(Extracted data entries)

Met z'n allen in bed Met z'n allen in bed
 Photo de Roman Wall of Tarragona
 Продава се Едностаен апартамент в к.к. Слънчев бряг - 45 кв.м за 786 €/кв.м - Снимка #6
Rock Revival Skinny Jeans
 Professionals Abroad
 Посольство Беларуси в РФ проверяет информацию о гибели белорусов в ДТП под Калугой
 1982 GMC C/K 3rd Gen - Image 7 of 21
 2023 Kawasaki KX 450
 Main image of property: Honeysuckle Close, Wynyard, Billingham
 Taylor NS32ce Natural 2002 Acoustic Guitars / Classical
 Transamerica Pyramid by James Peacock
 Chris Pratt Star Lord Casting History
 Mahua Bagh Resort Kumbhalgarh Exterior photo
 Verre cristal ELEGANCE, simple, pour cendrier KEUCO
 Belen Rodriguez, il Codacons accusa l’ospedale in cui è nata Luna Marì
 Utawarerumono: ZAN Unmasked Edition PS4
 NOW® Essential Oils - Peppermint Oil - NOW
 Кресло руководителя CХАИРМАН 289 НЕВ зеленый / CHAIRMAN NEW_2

--- TO DO ---
Set down, word for word, every line from the line that holds "Photo de Roman Wall of Tarragona" to the end of the entries above, including both ends.

--- RESPONSE AREA ---
 Photo de Roman Wall of Tarragona
 Продава се Едностаен апартамент в к.к. Слънчев бряг - 45 кв.м за 786 €/кв.м - Снимка #6
Rock Revival Skinny Jeans
 Professionals Abroad
 Посольство Беларуси в РФ проверяет информацию о гибели белорусов в ДТП под Калугой
 1982 GMC C/K 3rd Gen - Image 7 of 21
 2023 Kawasaki KX 450
 Main image of property: Honeysuckle Close, Wynyard, Billingham
 Taylor NS32ce Natural 2002 Acoustic Guitars / Classical
 Transamerica Pyramid by James Peacock
 Chris Pratt Star Lord Casting History
 Mahua Bagh Resort Kumbhalgarh Exterior photo
 Verre cristal ELEGANCE, simple, pour cendrier KEUCO
 Belen Rodriguez, il Codacons accusa l’ospedale in cui è nata Luna Marì
 Utawarerumono: ZAN Unmasked Edition PS4
 NOW® Essential Oils - Peppermint Oil - NOW
 Кресло руководителя CХАИРМАН 289 НЕВ зеленый / CHAIRMAN NEW_2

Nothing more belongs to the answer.